Self-care is always important, but it’s especially critical during times of stress. Between the length of the process and the emotional and financial impact, divorce is definitely a time of stress.
During a divorce, you will be asked to make choices that will affect you and your kids for the rest of your life. To make the best decisions that you can, you need to have the emotional and physical strength that can only be available if you’re taking care of yourself.
What is self-care?
- Basic self-care is about becoming and staying healthy. It involves getting enough sleep, eating well and exercising so that you can stay physically healthy. If you don’t take care of your health, you risk entering a cycle of fatigue and illness.
- Emotional self-care is unique. Emotional self-care involves those activities that will support your mind and spirit. The activities that recharge these areas will vary. Some people need lots of quiet downtime to read or journal. Others need physical activity or social outings. There is no right or wrong way to take care of yourself– think about what works for you: yoga, kick boxing, reading a book or meeting a friend for coffee.
- Self-care involves nurturing your social life. Having positive relationships and connecting with these people in person, not just on Facebook, is an important component of self-care.
- Red flags in self-care. I just said there is no right or wrong way for self-care, but there is a caveat to that. If you find yourself using substances like alcohol or drugs to feel better, seek professional help. Relying on these substances is a slippery slope and, unfortunately, it’s too easy to slide down during difficult times.
Challenges to self-care:
- Mindset. Some people think self-care is selfish. Actually, we are more able to care for others when we take care of ourselves. It is the airplane oxygen mask analogy: Put your oxygen mask on before you assist others, because you can’t help anyone if you pass out.

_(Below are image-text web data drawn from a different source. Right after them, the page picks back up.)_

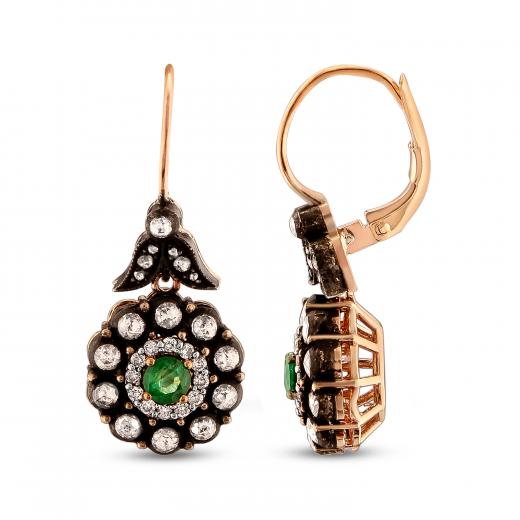 1.57 kt. Natürliche Smaragd-Diamant-Ohrringe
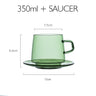 Colorful Glass Coffee Mug With Saucer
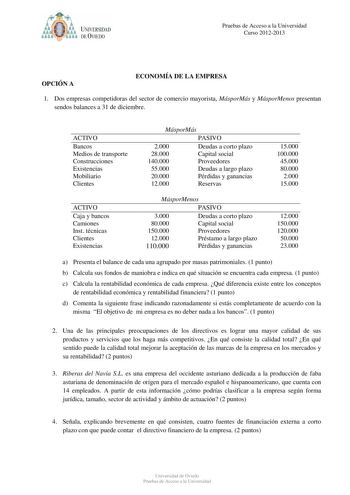 a    UNIVERSIDAD DE VlEDO Pruebas de Acceso a la Universidad Curso 20122013 OPCIÓN A ECONOMÍA DE LA EMPRESA 1 Dos empresas competidoras del sector de comercio mayorista MásporMás y MásporMenos presentan sendos balances a 31 de diciembre ACTIVO Bancos Medios de transporte Construcciones Existencias Mobiliario Clientes MásporMás PASIVO 2000 Deudas a corto plazo 28000 Capital social 140000 Proveedores 55000 Deudas a largo plazo 20000 Pérdidas y ganancias 12000 Reservas 15000 100000 45000 80000 200…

- Time. Very rarely do people complain about too much spare time. We live in a time when work, family and community obligations take up a lot of our time. You have to protect time for self-care. Take a walk during your lunch break or with a friend so that you can have social and exercise time. Take 30 minutes before bed to read a book instead of answering emails or straightening the house. Build in small blocks to every day and bigger blocks when your schedule allows.
Parents who are able to take care of themselves during the process of divorce are more emotionally available to help their kids navigate the process. During divorce, there is often the danger of kids stepping up to caretake for their parents. You can prevent this by taking care of yourself and allowing your kids to use their energy to continue being a kid.